Led by Yasin Şenbabaoğlu, the Computational Biology Platform collaborates with Biohub SF researchers on the analysis of multi-omic and multimodal datasets as well as development of novel methodologies that advance our understanding of health and disease. In line with CZ Biohub’s mission, we are committed to open science and freely sharing data and code with the broader scientific community.
We conduct large-scale studies to profile protein localization across organelles, using an innovative computational approach that enables unprecedented insights into protein dynamics within cells. This groundbreaking technique provides a comprehensive view of subcellular remodeling at the proteome scale in healthy and disease conditions.
Our team designed a 1,000-gene CRISPR panel to systematically explore cellular states and pathways in response to gene knockout. Using both optical pooled screens and single-cell sequencing, we map morphological and transcriptomic changes, targeting critical pathways, such as the unfolded protein stress response.
We explore molecular changes in infected cells by profiling gene and protein expression at high temporal resolution, with a focus on Zika and Dengue viruses. This project includes single-cell analyses and imaging to link morphological changes with molecular profiles during infection.
By leveraging public RNAseq data, we identify non-host reads to map potential viruses and pathogens in species like zebrafish. This pipeline is part of our larger effort to create accessible virus-host interaction datasets for broader scientific use.
We are developing infrastructure and deep learning strategies to standardize data integration across scales and technologies, initially focusing on zebrafish. Using the RNAquarium dataset and other resources, we pretrain and fine-tune models to reveal gene network dynamics in infection, conduct interpretability analyses, and generate hypotheses on host-factor dependencies in pathogens.

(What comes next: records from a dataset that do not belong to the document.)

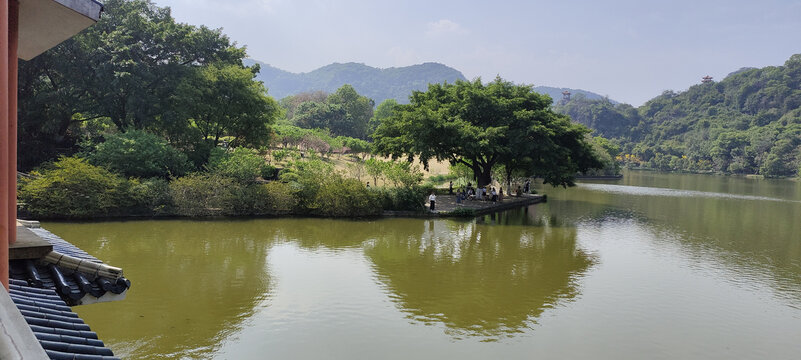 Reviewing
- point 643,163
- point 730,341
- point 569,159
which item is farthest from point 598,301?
point 643,163

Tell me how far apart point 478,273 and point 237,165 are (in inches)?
553

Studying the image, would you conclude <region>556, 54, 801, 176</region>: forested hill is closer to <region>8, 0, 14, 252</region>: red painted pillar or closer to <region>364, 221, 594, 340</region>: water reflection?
A: <region>364, 221, 594, 340</region>: water reflection

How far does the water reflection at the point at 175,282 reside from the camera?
29.8 ft

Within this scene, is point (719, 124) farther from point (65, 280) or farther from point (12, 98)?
point (12, 98)

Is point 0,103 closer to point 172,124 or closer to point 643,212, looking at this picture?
point 172,124

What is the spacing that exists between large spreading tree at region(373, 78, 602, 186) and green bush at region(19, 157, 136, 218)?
14479 mm

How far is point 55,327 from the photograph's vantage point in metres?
3.42

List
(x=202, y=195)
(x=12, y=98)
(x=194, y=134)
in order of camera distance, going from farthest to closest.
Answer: (x=194, y=134) → (x=202, y=195) → (x=12, y=98)

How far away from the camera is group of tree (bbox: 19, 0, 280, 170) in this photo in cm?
2589

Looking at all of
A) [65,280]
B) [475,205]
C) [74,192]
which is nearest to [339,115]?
[475,205]

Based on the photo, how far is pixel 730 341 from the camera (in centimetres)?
978

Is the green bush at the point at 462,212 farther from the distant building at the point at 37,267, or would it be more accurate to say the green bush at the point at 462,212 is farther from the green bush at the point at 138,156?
the distant building at the point at 37,267

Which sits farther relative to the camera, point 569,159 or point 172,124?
point 569,159

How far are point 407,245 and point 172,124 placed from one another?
655 inches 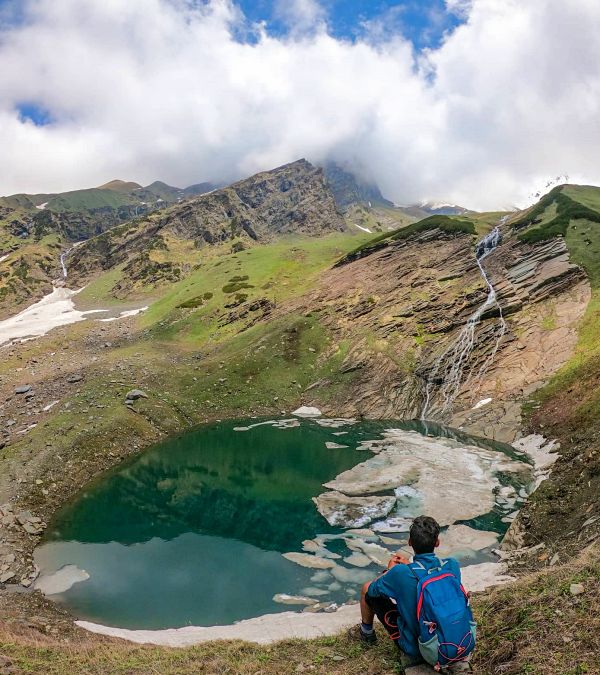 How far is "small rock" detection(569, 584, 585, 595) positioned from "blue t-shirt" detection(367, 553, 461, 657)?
147 inches

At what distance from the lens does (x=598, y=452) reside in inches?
1212

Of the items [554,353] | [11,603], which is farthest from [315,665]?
[554,353]

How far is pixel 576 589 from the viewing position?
36.3 feet

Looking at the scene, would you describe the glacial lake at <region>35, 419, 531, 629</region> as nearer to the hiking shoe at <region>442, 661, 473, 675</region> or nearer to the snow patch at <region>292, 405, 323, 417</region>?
the snow patch at <region>292, 405, 323, 417</region>

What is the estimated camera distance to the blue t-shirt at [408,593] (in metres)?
9.44

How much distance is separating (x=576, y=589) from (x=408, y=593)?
4.76 m

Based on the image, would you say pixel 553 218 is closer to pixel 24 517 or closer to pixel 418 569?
pixel 24 517

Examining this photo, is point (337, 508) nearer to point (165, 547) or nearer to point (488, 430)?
point (165, 547)

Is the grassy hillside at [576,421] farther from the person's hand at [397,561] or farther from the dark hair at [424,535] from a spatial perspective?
the dark hair at [424,535]

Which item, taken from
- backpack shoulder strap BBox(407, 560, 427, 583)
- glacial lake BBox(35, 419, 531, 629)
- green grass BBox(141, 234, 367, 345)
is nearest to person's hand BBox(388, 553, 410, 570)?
backpack shoulder strap BBox(407, 560, 427, 583)

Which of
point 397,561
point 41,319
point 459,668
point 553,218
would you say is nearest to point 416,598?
point 397,561

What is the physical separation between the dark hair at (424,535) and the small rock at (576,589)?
4.39m

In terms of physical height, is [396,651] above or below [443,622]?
below

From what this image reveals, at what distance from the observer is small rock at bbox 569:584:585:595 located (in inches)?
432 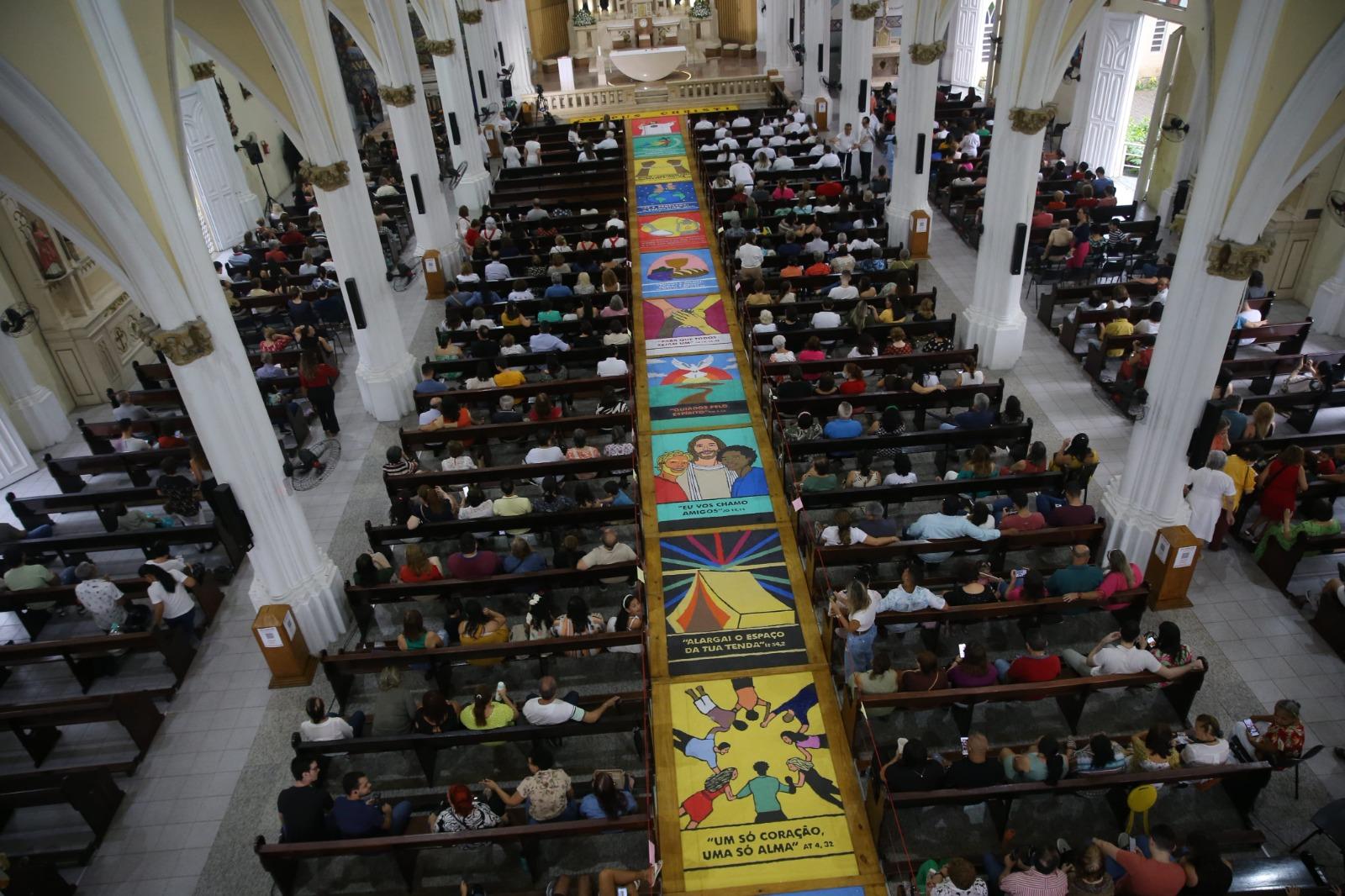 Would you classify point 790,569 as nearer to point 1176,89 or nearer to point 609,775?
point 609,775

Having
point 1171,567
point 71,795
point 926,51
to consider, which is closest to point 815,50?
point 926,51

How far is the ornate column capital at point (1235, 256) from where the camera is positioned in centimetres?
772

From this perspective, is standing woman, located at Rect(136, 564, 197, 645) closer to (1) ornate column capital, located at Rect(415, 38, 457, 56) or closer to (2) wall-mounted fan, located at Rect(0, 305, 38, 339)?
(2) wall-mounted fan, located at Rect(0, 305, 38, 339)

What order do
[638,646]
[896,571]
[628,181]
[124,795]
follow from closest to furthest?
[124,795]
[638,646]
[896,571]
[628,181]

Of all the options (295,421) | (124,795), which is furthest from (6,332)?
(124,795)

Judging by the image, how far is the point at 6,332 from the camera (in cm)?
1339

We generate comprehensive single-cell multi-omic atlases, such as for zebrafish embryonic development, integrating RNA and ATAC sequencing to map gene regulatory networks across timepoints and cell types. This approach reveals cell-type-specific regulatory modules and enables in silico genetic perturbation studies to explore developmental pathways.
Leveraging single-cell multi-omic zebrafish datasets, we are developing temporally-resolved deep learning models to predict cell-type- and condition-specific gene expression dynamics over time. These models will enhance our understanding of regulatory mechanisms as they evolve, with potential applications in tracking cell fates during embryonic developmen
We streamline data processing workflows, including mass spectrometry analysis, with a robust sample-to-data pipeline. Currently, we are enhancing these workflows using Nextflow to improve automation, flexibility, and scalability.